Uyuşmazlığı, bu hukuki çerçeve içinde değerlendirmek gerekir. Taraflar arasındaki öncelikli uyuşmazlık, azlin haklı olup olmadığı noktasında olup, ancak bunun sonucuna göre davalıların vekalet ücreti ödemekle yükümlü olup olmadığına karar verilebilecektir. Mahkemece, bu konuda bir değerlendirme yapılmamış, taraflar arasında düzenlenen sözleşmeye davalıların imza attıkları, bu nedenle sözleşmedeki ücretin ödenmesi gerektiği kanaati ile davanın kabulüne karar verilmiştir. Hal böyle olunca mahkemece, davalıların ileri sürdükleri azil nedenleri üzerinde durulmalı, davacının sigorta aracılık hizmetleri ile uğraştığı da dikkate alınarak gerekirse bu konuda uzman bir bilirkişi aracılığı ile inceleme yaptırılmalı, davacının kendisine duyulan güvene uygun olarak ve müvekkili davalıların menfaatlerini vekaletname ile güdülen amaç çerçevesinde koruyup korumadığı, özen ve sadakat borcunun ifasında kendisine atfı mümkün bir kusurun olup olmadığı belirlenmelidir. Öte yandan davacının sorumluluğunu gerektirir bir kusuru kabul edildiğinde, davacı ücretsiz olarak; vekalet işlerini gördüğünden gerekirse delillerin elverdiği ölçüde hakkaniyete uygun bir ücrete hak kazanabileceği düşünülmelidir.
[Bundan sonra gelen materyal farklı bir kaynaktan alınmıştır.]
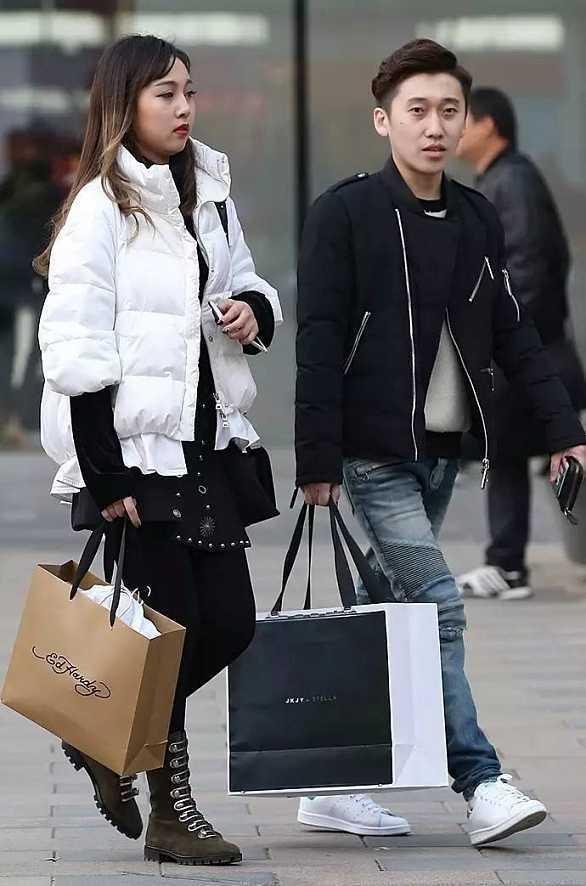 男朋友陪我去逛街时遇到他前任,男友说一话我决定嫁给他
Mahkemenin hukuki değerlendirmede, delilleri takdirde hataya düşerek eksik inceleme ile yazılı şekilde davanın kabulüne karar vermesi usul ve yasaya aykırıdır, bozma nedenidir.
2-Bozma nedenine göre davalıların sair temyiz itirazlarının incelenmesine bu aşamada gerek görülmemiştir.
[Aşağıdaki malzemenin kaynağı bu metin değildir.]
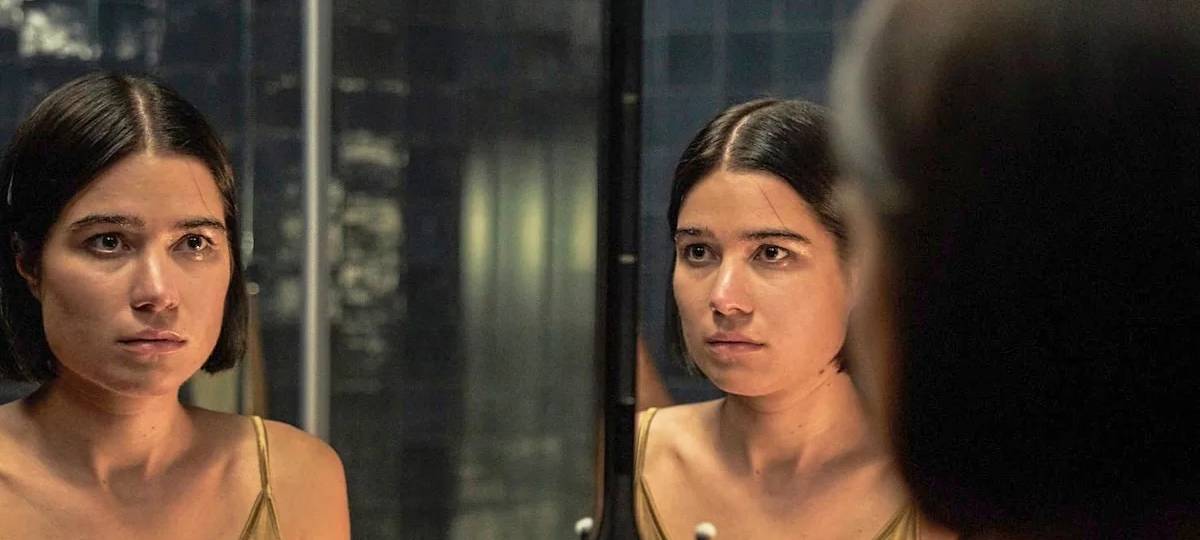 Smilla betrachtet sich im Spiegel.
SONUÇ: Yukarıda (1) numaralı bentte açıklanan nedenlerle temyiz olunan kararın davalılar yararına BOZULMASINA,(2) numaralı bentte açıklanan nedenlerle davalıların sair temyiz itirazlarının incelenmesine yer olmadığına, 1100,00 TL duruşma avukatlık parasının davacıdan alınarak davalılara ödenmesine, peşin alınan harcın istek halinde iadesine, HUMK’nun 440/1 maddesi uyarınca tebliğden itibaren 15 gün içerisinde karar düzeltme yolu açık olmak üzere, 26.6.2014 gününde oybirliğiyle karar verildi.